Archive for May 20th, 2010

NAMA has quite specific objectives and the NAMA Act sets out those objectives. Here they are again (section 2 of the Act):

“2.—The purposes of this Act are—

(a) to address the serious threat to the economy and the stability of credit institutions in the State generally and the need for the maintenance and stabilisation of the financial system in the State, and

(b) to address the compelling need—

(i) to facilitate the availability of credit in the economy of the State,

 (ii) to resolve the problems created by the financial crisis in an expeditious and efficient manner and achieve a recovery in the economy,

(iii) to protect the State’s interest in respect of the guarantees issued by the State pursuant to the Credit institutions (Financial Support) Act 2008 and to underpin the steps taken by the Government in that regard,

(iv) to protect the interests of taxpayers,

(v) to facilitate restructuring of credit institutions of systemic importance to the economy,

(vi) to remove uncertainty about the valuation and location of certain assets of credit institutions of systemic importance to the economy,

(vii) to restore confidence in the banking sector and to underpin the effect of Government support measures in relation to that sector, and

(viii) to contribute to the social and economic development of the State.”

Some financial flesh has been put on the operation of NAMA by its Draft Business Plan, published in October 2009.

The Irish Independent reports today on what is understood to be a scheme whereby local councils can offload loans taken out to buy development land during the boom, which is presumably now worth a fraction of its initial purchase price. The loans are reported to be bound for the Department for the Environment Housing and Local Government and the Independent reports that there may be €25m of transfers this year. The government scheme is called the Land Aggregation Scheme which appears not to be publicly available at this time. As analysed elsewhere, local councils are likely to have serious problems with resolving their purchases of property during the boom – it was not uncommon for them to pay €250,000 for an “affordable home” which they intended selling, but which might now be worth a fraction of that sum. One council, Dun Laoghaire-Rathdown is reported to be exposed to €35m in respect of commitments to social housing. The Independent today reports that Sligo alone may have €15m of development land loans that may be transferred (that is, paid off) by the DoEHLG. Could the cost reach €100s of million or indeed billions? The rights and wrongs of councils transferring the cost of acquiring uneconomic or unneeded assets will no doubt be debated elsewhwre.

Of more interest here however, is the suggestion that property which is not economic or not required by councils may be transferred to NAMA to manage. Now unless this property was secured on loans which meet the NAMA criteria, this would represent a new responsibility for NAMA – mission creep. It is not set out in the NAMA Act in any recognizable way and is certainly not referred to in the NAMA draft business plan.

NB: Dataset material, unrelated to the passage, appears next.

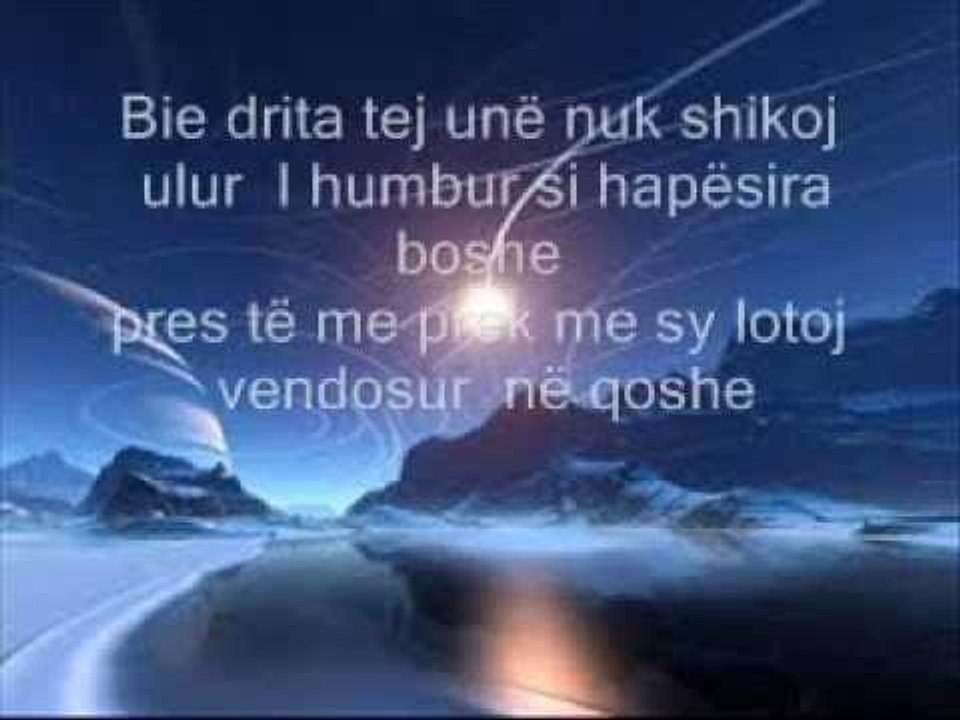 Ti je bota ime
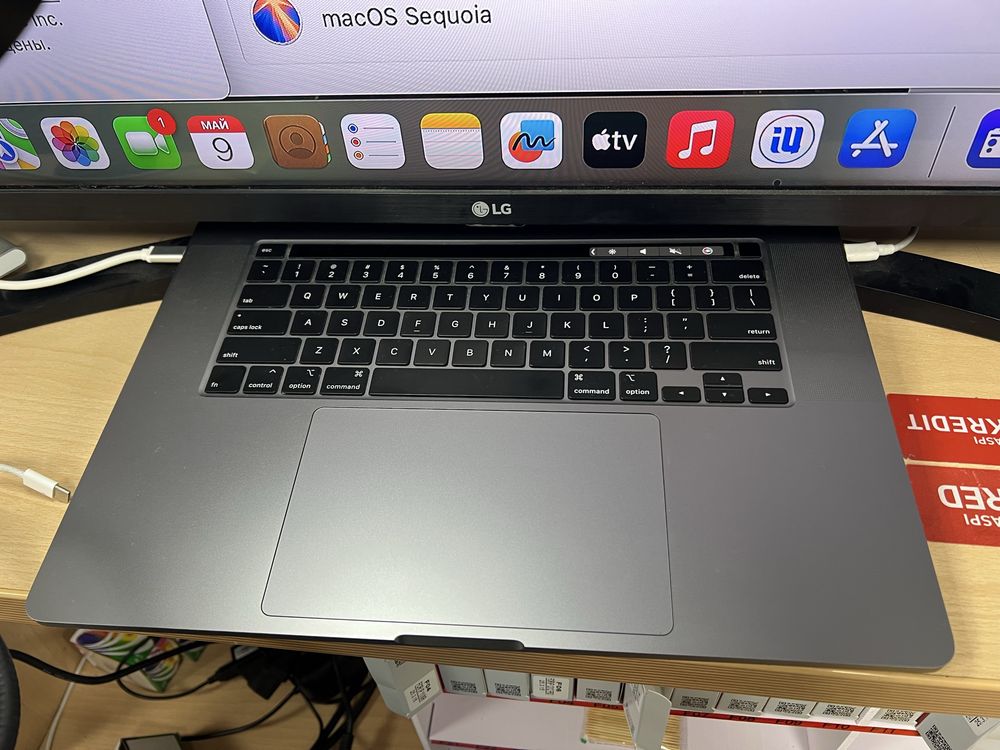 macbookpro  2019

Although there has been scant information forthcoming from NAMA, what has emerged has painted a picture of hardwork and a striving to deliver on the NAMA objectives. If NAMA is however going to be used as the receptacle for every uneconomic or unwanted  piece of real estate that the government can find, then it may impair NAMA’s ability to deliver on its objectives, particularly because of unforseen demands on management and the profitability. From a competition point of view, it bolsters NAMA’s commanding position as the provider of development land and housing – €25m might not be significant but a few billion would be – and a near-monopoly in a sector where there is substantial private sector involvement is unlikely to be good for competition or economic development. I hope this new scheme is debated and that its effect on NAMA will be widely recognized and understood.

UPDATE: The DoEHLG has made available the circular sent to councils in April 2010 setting out the terms of the scheme. There is to be a new State agency, the Housing and Sustainable Communities Agency which is an amalgamation of theAffordable Homes Partnership, certain elements of the Homeless Agency and the National Building Agency and will be an asset management agency for the land transferred by councils. Although NAMA will be consulted on the use or development of the land, and in some cases will develop joint plans with the new State agency, it is not envisaged the property will come onto NAMA’s books. So no change at NAMA internally but having influence and a certain degree of control over this land will still have an impact on competition. It will be interesting to see the volume and value of land transferred to this new agency. The DoEHLG have not released any information with respect to budgets but have said that there is no proposal to extend the scheme to anything other than land.